On local rings of a normalization

Question

Let $X$ an irreducible singular curve with a singular point $x$. Consider $A$, the normalization of $\mathcal{O}_{X,x}$, and $x_1,\dots,x_r$ the points over $x$ in the normalization of $X$. Why $A\cong \mathcal{O}_{x_1}\cap\dots\cap\mathcal{O}_{x_r}$? Moreover assume that the curve is over a field $k$. Why do the dimension of $A/\mathcal{O}_{X,x}$ is $r-1$?

Answer 1

The comment by Matt might work here, but there is a more general fact at play, that is also valid for higher-dimensional varieties:

Theorem [1, Thm 4.7] Let $A$ be an integral domain with field of fractions $K$. We consider any localization of $A$ as a subring of $K$. Then in this sense we have $$A = \bigcap_{\mathfrak{m} \subset A} A_\mathfrak{m},$$ where the intersection is over all maximal ideals $\mathfrak{m} \in A$

Now in your example, the maximal ideals $\mathfrak{m} \subset A$ correspond exactly to the points $x_1, \dotsc, x_r$, and localizing $A$ with respect to them gives $\mathcal{O}_{x_i}$.
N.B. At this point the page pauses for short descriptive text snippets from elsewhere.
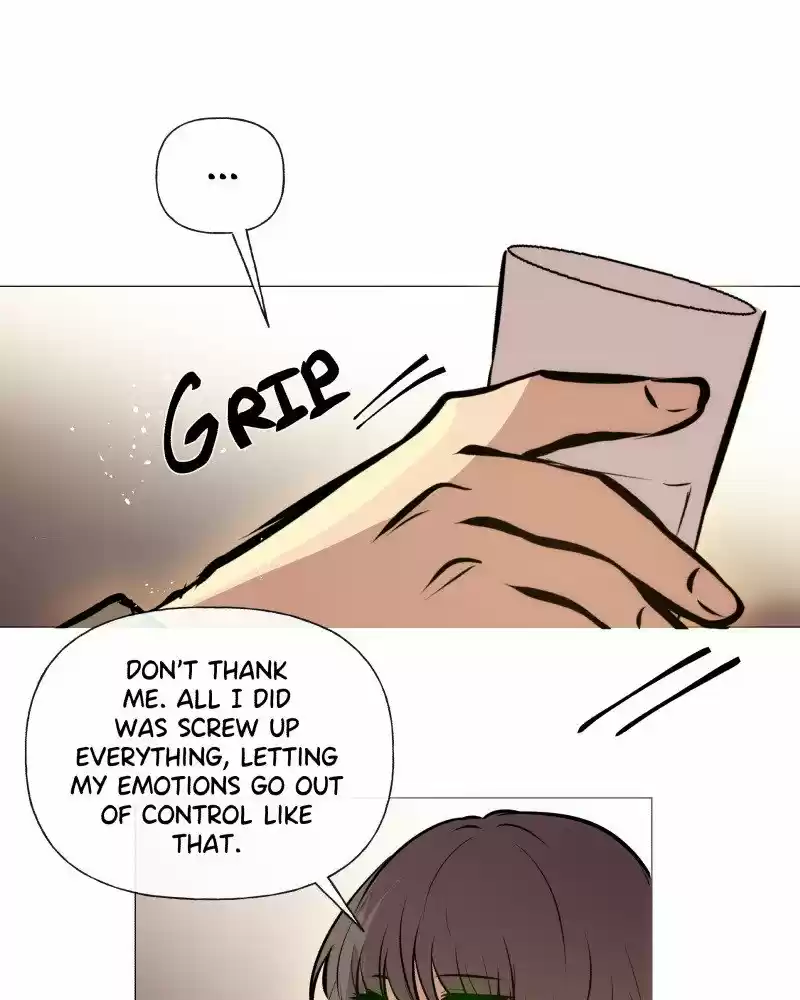 Rebirth-69Michi Chapter 101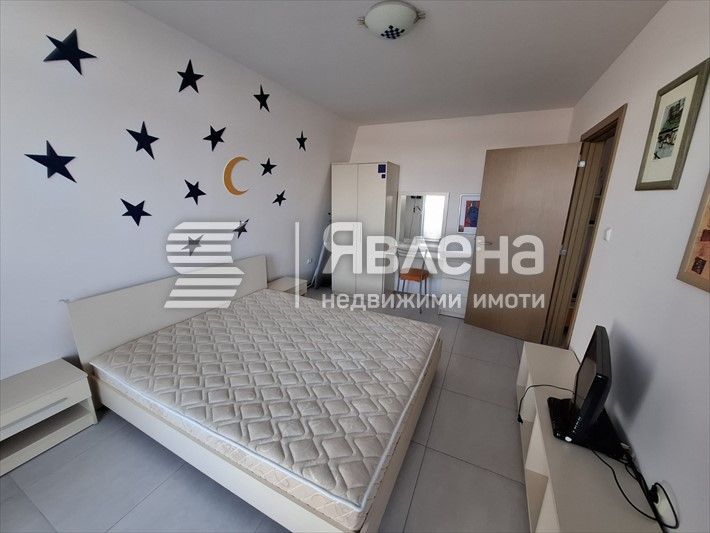 Продава се Двустаен апартамент в к.к. Слънчев бряг - 58 кв.м за 1156 €/кв.м - Снимка #10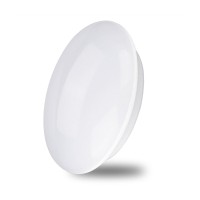 Warm White Invisible Motion Activated Ceiling/Wall Smart Led Light Series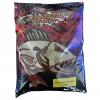  Crazy Action Bait Fisch/natur 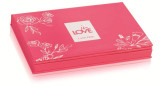 Lancomeޢϵ 20142Ķ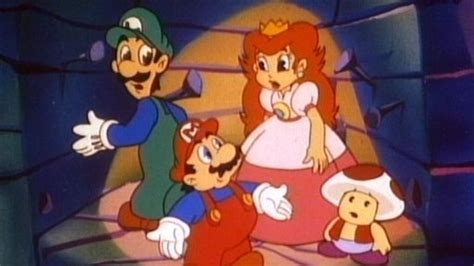 Super Mario And Luigi Super Mario Super Mario Bros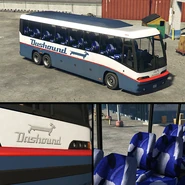 Dashound-GTAV-Warstock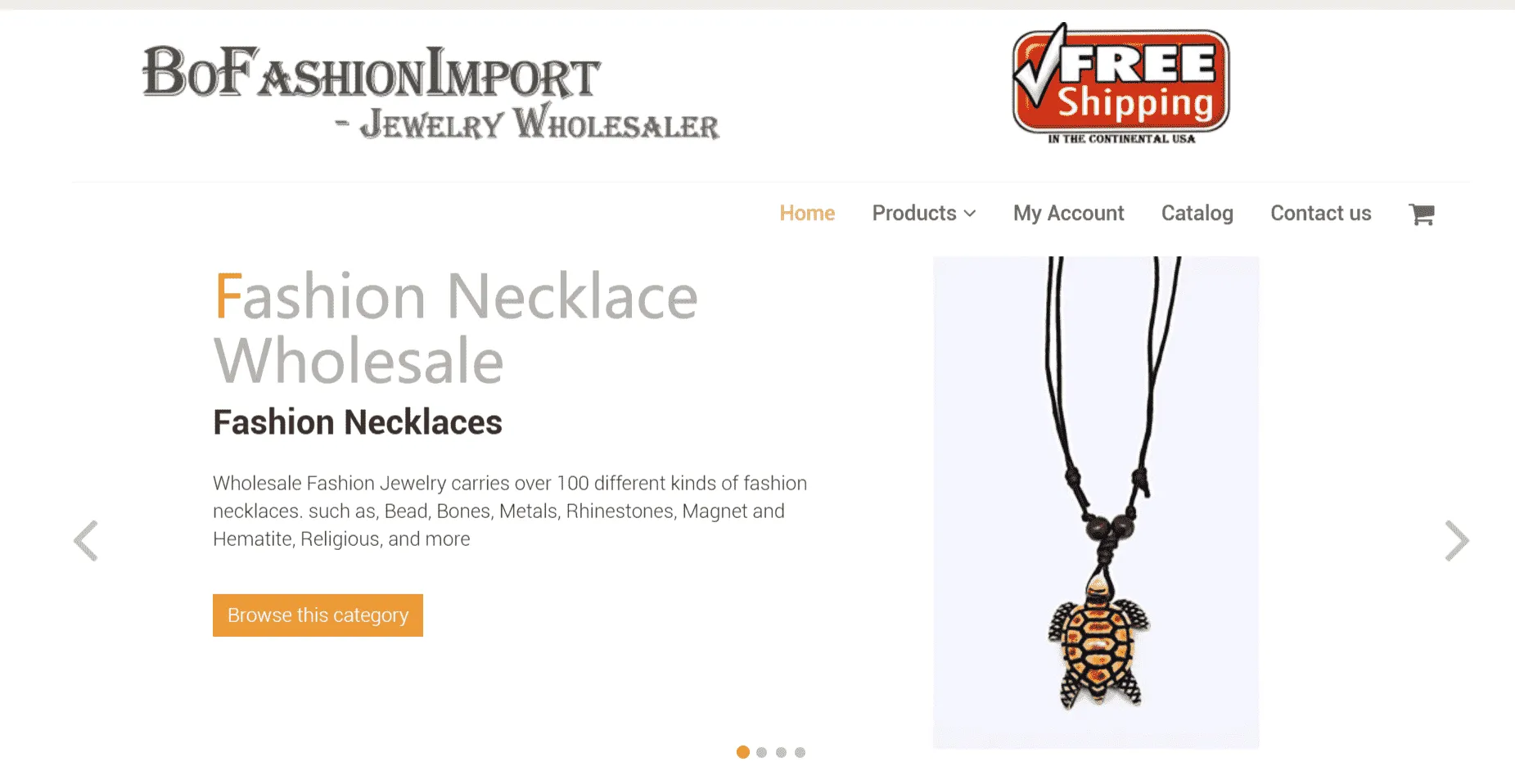 Bo Fashion Import Jewelry website Bo Fashion Import Jewelry website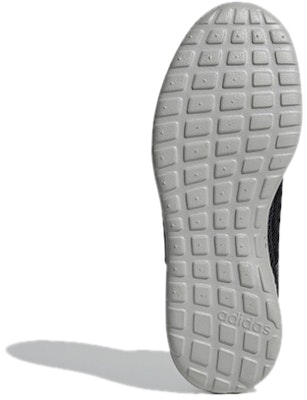 (Youth) adidas Lite Racer Adapt 4.0 J 'Grey Black' Q47208 Details for (Youth) adidas Lite Racer Adapt 4.0 J 'Grey Black' Q47208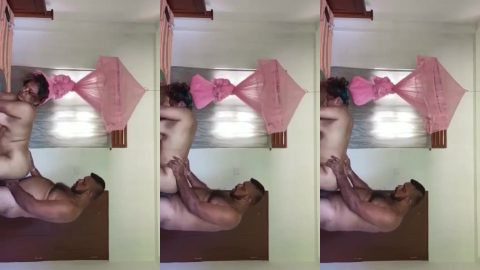 Indian hot mascular man fucking wildly neighbour bhabhi
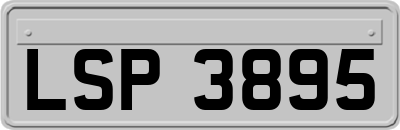 LSP3895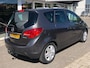 Opel Meriva 1.4 Turbo Cosmo - Navigatie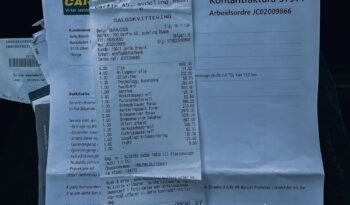 SKODA Fabia  | FWD (przód) | Manualna | 110 KM | Biały full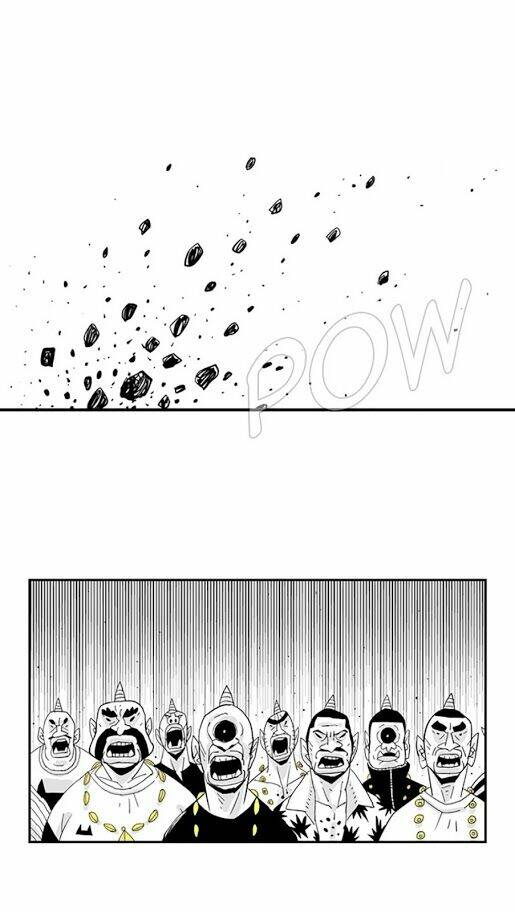 hành trình thoát khỏi địa ngục chapter 46 24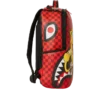 Mochila Spongebob HELLO WORLD (DLXV)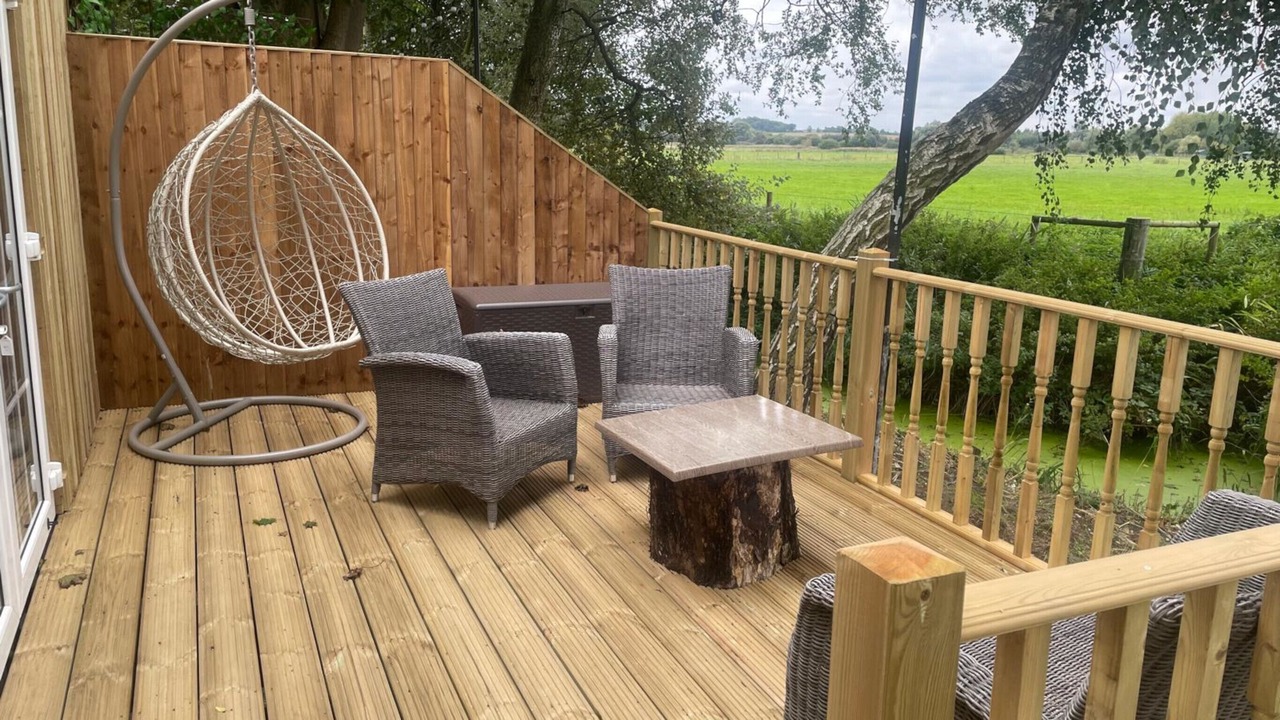 Photo of Outdoor in Beccles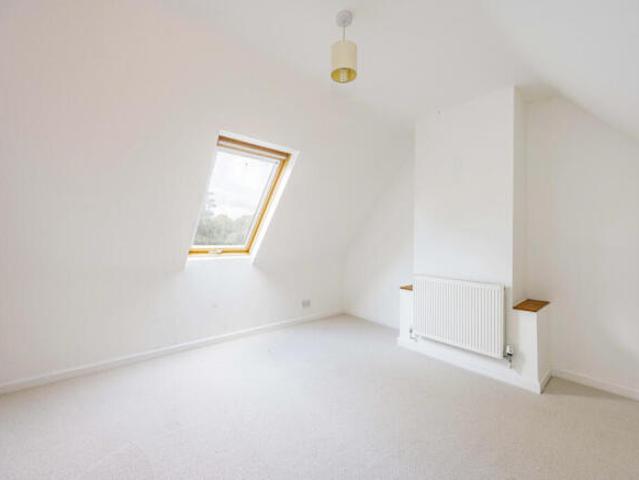 Farm for sale in City of Nottingham, East Midlands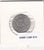 S19-WS1-0004-M04 Romania 5 Lei UNC 1992 KM114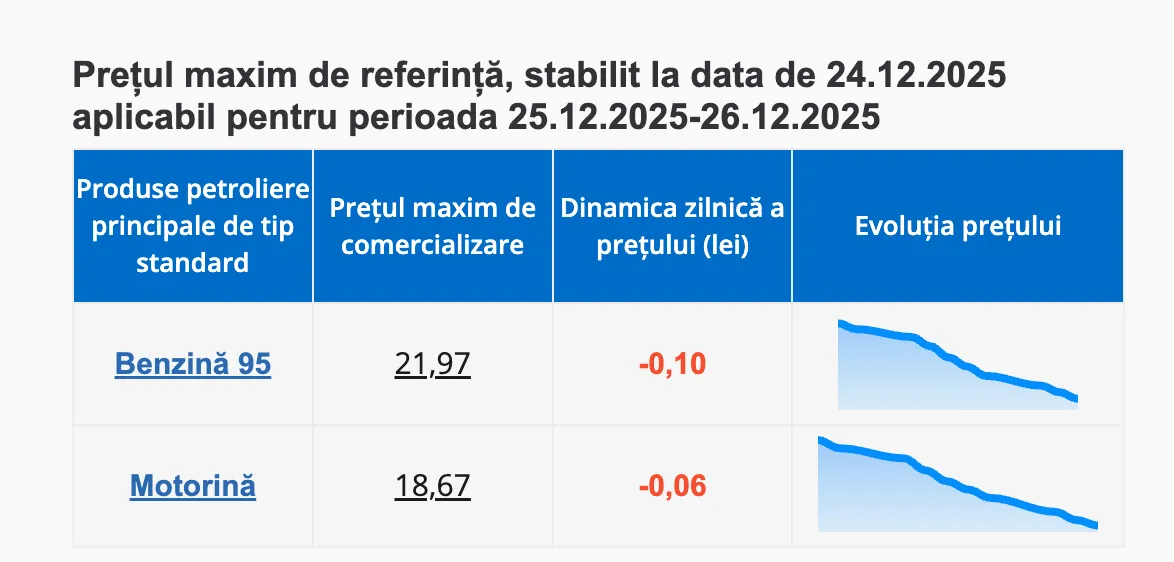 ad59ab3b0c6ff54fc5cab3c5d6ac1418
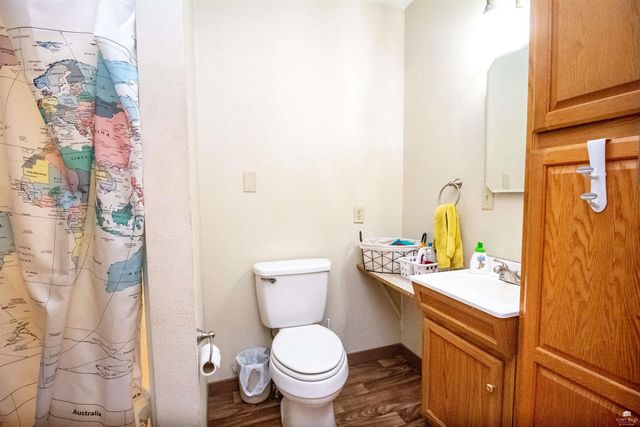 100 Opal Drive, Abilene, KS 67410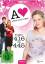 Anna und die Liebe - Box 15/Folge 416-44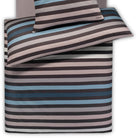 bettwaesche streifen gestreift joop 4103 7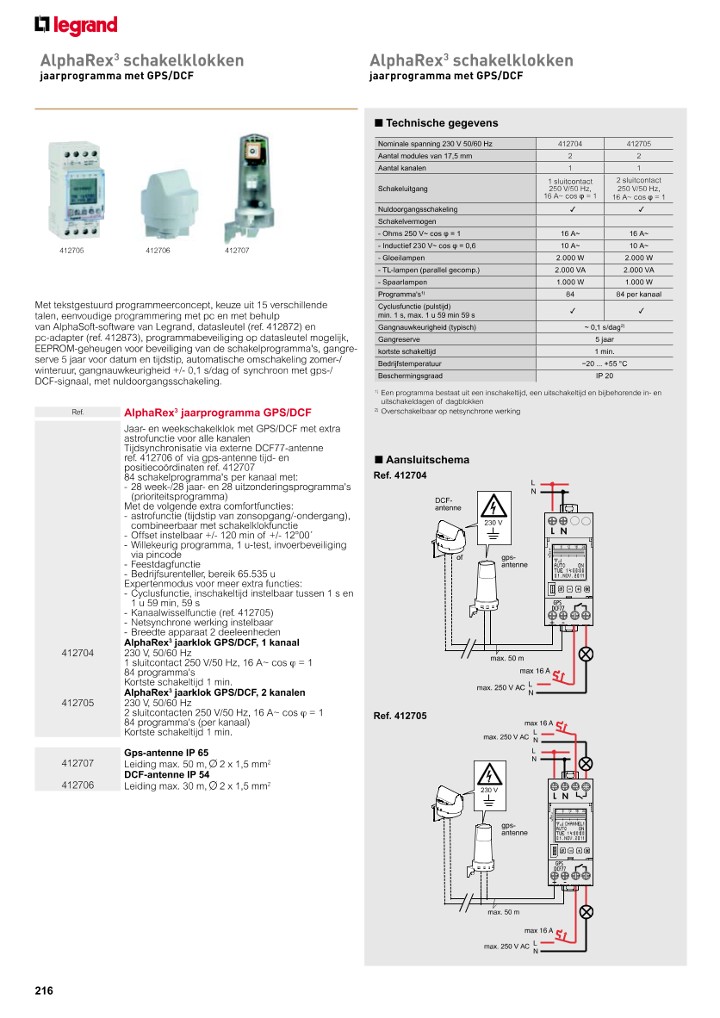 catalog p. 218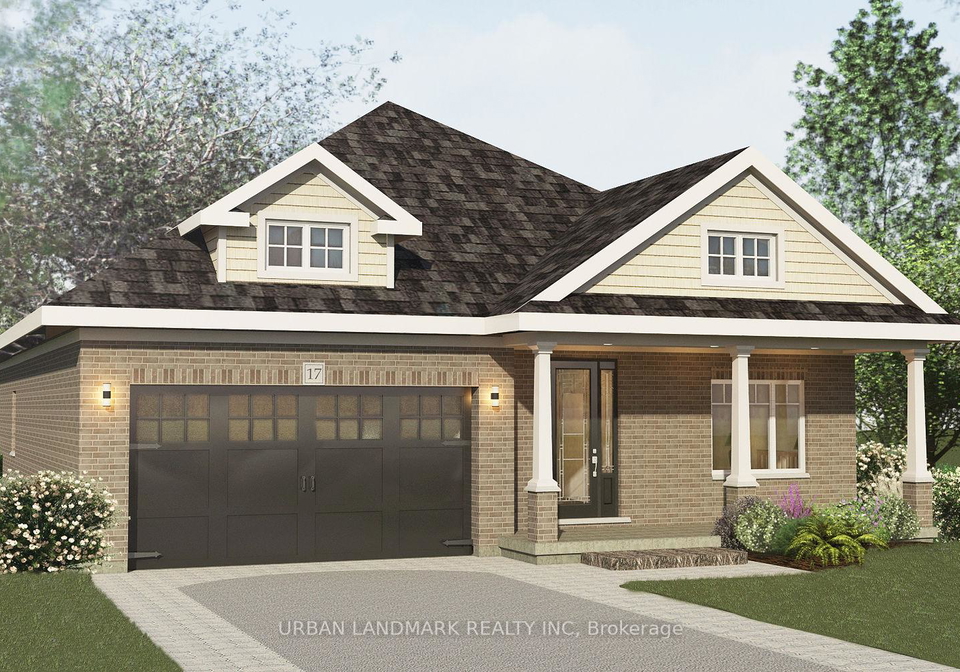 58-alcorn-drive-kawartha-lakes-ontario-x12795106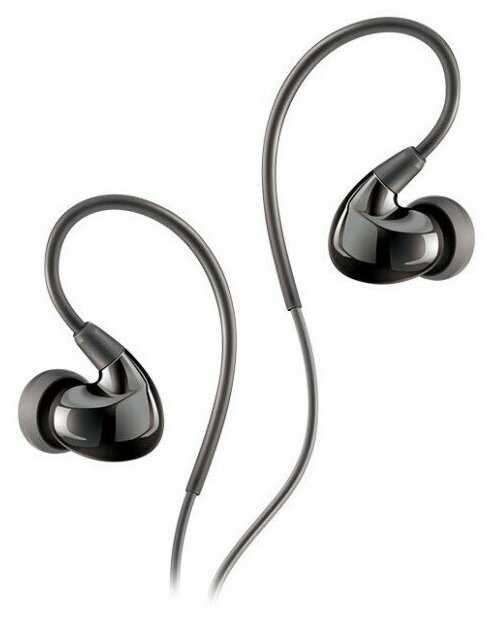 Takstar TS-2260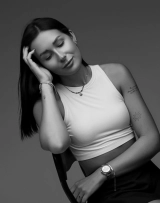 Olimpia Olimpia zdjęcie 2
Your second claim that $\dim A / \mathcal{O}_{X,x} = r - 1$ is not true. For example consider the cusp $$ X = \operatorname{Spec}(k[x,y] / (x^2 - y^3).$$ The normalization of $X$ is just $\tilde X = \mathbb{A}^1$, and the map $\tilde X \to X$ is given by \begin{align} \mathbb{A}^1 & \to X \subset \mathbb{A}^2 \\ t & \mapsto (t^3, t^2). \end{align} On coordinate rings the map is given as $x \mapsto t^3, y \mapsto t^2$. The only value for $t$ that hits the singular point $x = (0,0)$ is $t = 0$, so $r=1$ here. But clearly $A / \mathcal{O}_{X,x} \neq 0$, because $x$ is a singular point of $X$.

[1] Matsumura, Commutative Ring Theory